◆ PROBLEM DESCRIPTION ◆
All that should come back is the lines of the data below from the one containing "salade de pâtes multicolores" to the one containing "56mm自然光拍摄天然翡翠A货淡绿好种水圆条手镯 40.40克", inclusive, exactly as they stand.

◆ EXERCISE DATA ◆
=== Section Start ===

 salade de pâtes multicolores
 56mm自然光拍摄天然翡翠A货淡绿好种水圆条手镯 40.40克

=== Section End ===
=== Section Start ===

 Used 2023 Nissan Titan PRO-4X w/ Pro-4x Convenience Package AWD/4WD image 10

=== Section End ===
=== Section Start ===

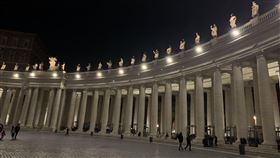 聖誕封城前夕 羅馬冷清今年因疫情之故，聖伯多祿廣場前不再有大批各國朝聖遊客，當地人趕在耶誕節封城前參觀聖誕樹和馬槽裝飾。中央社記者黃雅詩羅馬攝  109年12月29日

=== Section End ===

◆ OUTPUT BELOW ◆
 salade de pâtes multicolores
 56mm自然光拍摄天然翡翠A货淡绿好种水圆条手镯 40.40克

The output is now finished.